▸ **What you are asked to do**:
Starting with the first line of the data below, copy each line up to and including the one containing "Artist Series Canva". Pictures stay out.

+++++

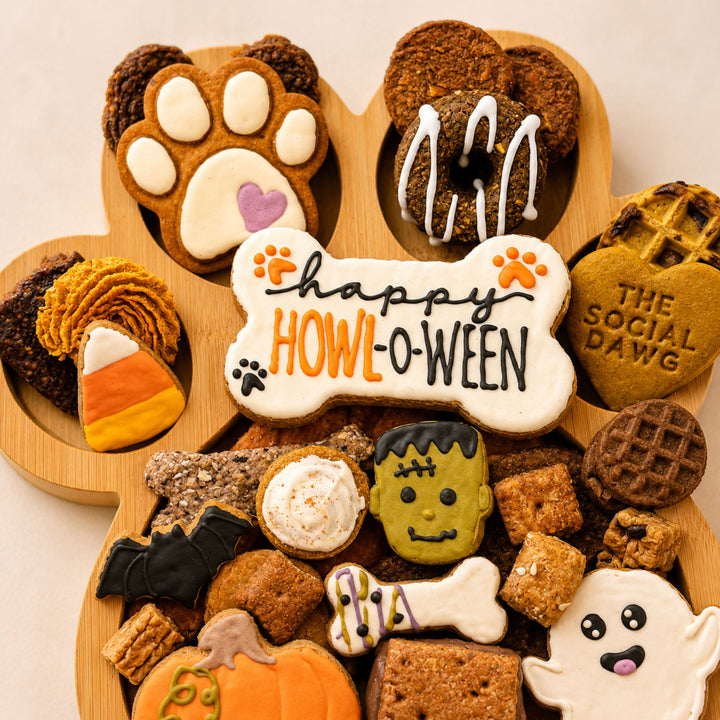 Halloween Paw Shaped Dog Barkuterie Board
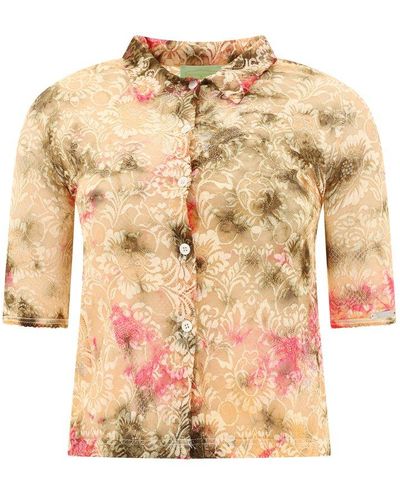 Aries Shrunken Lace-detailed Buttoned Shirt - Natural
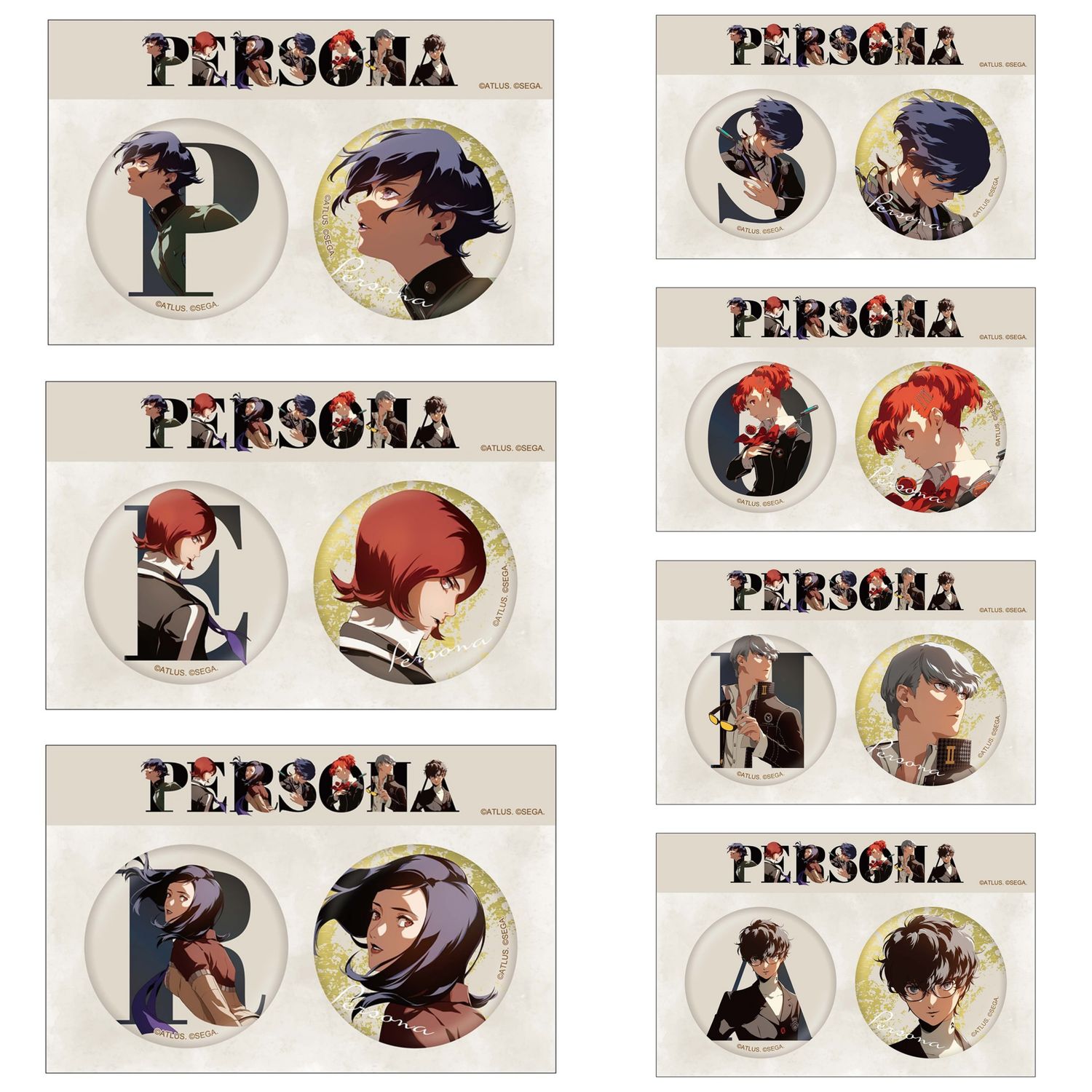 [Pre-Order] Persona P30th Anniversary Illustration C Protagonist Can Badge Set (56 mm)
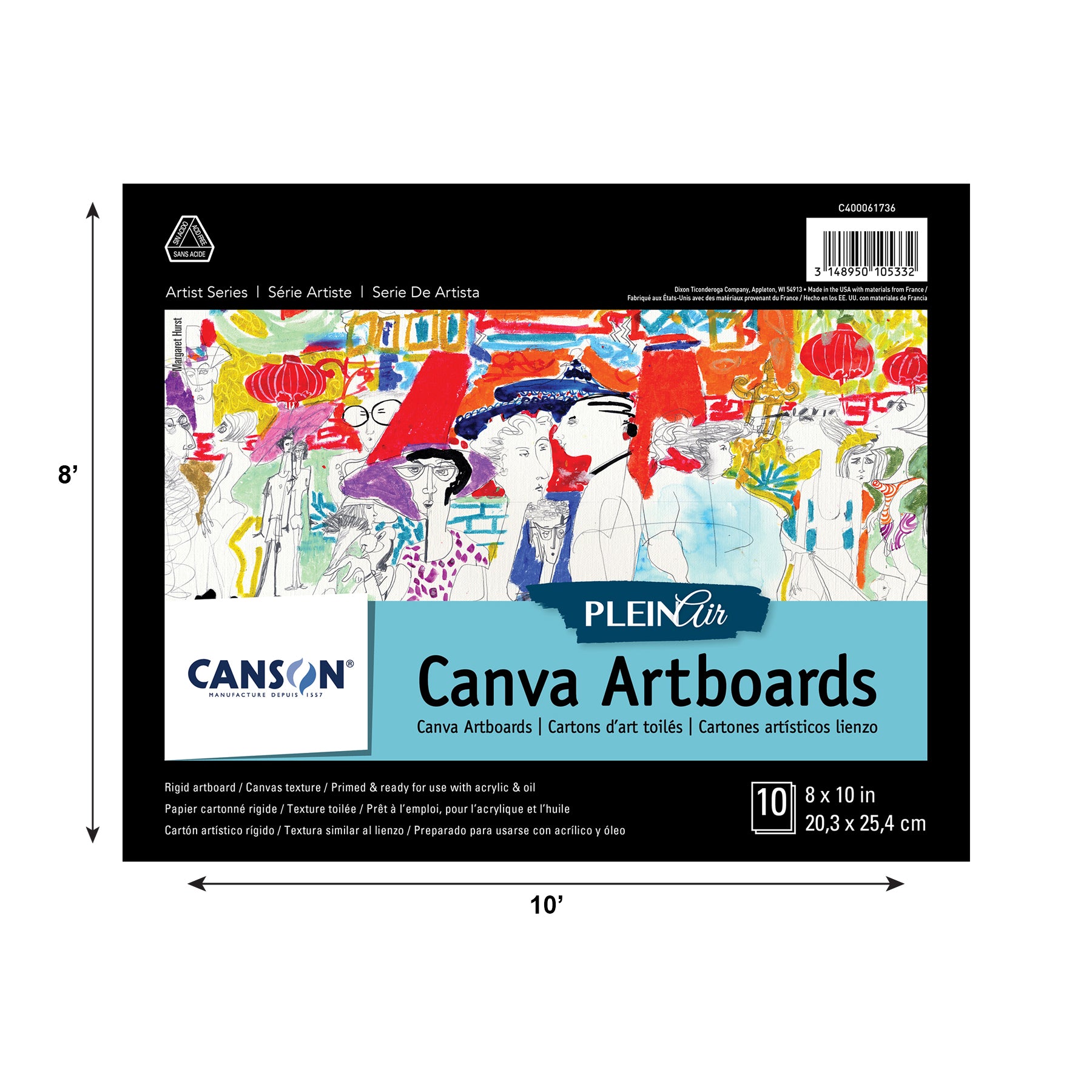 Artist Series Canva Plein Air Canvas Board, Foldover Binding, 10 Sheet, 8x10 inch, 1 Count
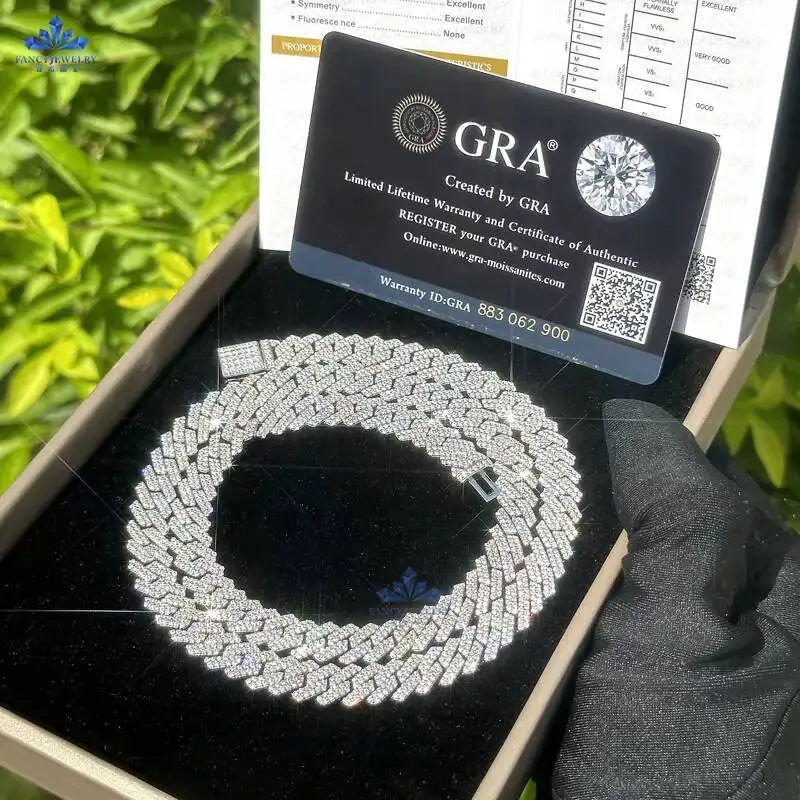 Fashion Pass Diamond Tester 13mm 925 Silver VVS Moissanite Diamond Iced Out Cuban Link Chain Necklace Custom Hip Hop Jewelry..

+++++

▸ **Solution to this exercise**:
 Halloween Paw Shaped Dog Barkuterie Board
 Aries Shrunken Lace-detailed Buttoned Shirt - Natural
 [Pre-Order] Persona P30th Anniversary Illustration C Protagonist Can Badge Set (56 mm)
 Artist Series Canva Plein Air Canvas Board, Foldover Binding, 10 Sheet, 8x10 inch, 1 Count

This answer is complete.